[Directions] Copy verbatim the block of lines in the entries below whose first line contains "Alt Le Mans" and whose last line contains "Shaded relief map". Leave out all other lines.

[Material supplied]

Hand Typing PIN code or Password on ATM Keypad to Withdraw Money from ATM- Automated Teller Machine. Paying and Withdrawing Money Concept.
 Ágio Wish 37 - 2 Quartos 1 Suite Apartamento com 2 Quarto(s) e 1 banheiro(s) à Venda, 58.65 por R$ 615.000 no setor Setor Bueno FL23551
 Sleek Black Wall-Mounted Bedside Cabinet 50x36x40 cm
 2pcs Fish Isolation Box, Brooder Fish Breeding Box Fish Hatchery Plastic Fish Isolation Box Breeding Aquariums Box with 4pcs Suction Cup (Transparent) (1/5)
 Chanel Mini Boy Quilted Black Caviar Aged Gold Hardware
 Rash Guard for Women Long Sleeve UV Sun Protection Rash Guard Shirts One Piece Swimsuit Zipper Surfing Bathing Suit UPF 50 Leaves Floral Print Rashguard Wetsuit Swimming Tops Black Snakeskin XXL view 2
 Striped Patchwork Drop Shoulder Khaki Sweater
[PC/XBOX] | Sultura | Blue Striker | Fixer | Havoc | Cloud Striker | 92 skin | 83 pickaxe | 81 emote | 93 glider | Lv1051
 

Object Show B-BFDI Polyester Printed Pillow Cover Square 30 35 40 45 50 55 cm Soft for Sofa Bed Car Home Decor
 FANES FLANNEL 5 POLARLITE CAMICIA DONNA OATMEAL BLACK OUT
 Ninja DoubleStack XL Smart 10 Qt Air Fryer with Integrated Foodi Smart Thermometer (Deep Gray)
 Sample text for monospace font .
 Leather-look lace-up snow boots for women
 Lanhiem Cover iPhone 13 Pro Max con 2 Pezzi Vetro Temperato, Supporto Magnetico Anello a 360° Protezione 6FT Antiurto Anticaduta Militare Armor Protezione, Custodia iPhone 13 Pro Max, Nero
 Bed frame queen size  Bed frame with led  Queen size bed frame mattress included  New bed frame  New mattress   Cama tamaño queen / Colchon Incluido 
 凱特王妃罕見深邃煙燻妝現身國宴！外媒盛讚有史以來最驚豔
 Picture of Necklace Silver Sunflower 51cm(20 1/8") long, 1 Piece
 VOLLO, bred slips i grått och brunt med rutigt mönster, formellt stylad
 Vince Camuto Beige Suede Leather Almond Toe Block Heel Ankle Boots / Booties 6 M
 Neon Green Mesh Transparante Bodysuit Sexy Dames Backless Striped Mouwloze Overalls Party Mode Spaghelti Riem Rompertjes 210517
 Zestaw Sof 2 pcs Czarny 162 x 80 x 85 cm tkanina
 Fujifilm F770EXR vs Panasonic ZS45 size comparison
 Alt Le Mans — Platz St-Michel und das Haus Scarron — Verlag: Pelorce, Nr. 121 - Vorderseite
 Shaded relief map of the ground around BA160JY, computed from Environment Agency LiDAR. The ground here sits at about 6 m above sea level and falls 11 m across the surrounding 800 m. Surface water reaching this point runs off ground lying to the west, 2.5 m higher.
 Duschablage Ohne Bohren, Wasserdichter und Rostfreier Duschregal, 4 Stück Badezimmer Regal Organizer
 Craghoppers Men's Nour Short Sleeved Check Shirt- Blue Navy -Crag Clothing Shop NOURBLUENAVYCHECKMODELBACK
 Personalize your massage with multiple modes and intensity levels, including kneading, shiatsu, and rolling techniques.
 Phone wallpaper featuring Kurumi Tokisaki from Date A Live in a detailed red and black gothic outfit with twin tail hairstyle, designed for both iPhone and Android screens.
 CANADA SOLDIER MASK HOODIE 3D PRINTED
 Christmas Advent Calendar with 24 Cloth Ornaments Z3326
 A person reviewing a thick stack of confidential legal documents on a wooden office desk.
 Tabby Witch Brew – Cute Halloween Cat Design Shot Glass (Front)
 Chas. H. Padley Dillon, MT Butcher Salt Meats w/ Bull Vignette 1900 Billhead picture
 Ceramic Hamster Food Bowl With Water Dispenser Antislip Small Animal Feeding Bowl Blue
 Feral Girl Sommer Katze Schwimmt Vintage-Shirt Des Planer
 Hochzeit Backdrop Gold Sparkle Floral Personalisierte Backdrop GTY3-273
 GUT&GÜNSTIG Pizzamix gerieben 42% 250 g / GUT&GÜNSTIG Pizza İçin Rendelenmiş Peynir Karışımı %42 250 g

[Result of this task]
 Alt Le Mans — Platz St-Michel und das Haus Scarron — Verlag: Pelorce, Nr. 121 - Vorderseite
 Shaded relief map of the ground around BA160JY, computed from Environment Agency LiDAR. The ground here sits at about 6 m above sea level and falls 11 m across the surrounding 800 m. Surface water reaching this point runs off ground lying to the west, 2.5 m higher.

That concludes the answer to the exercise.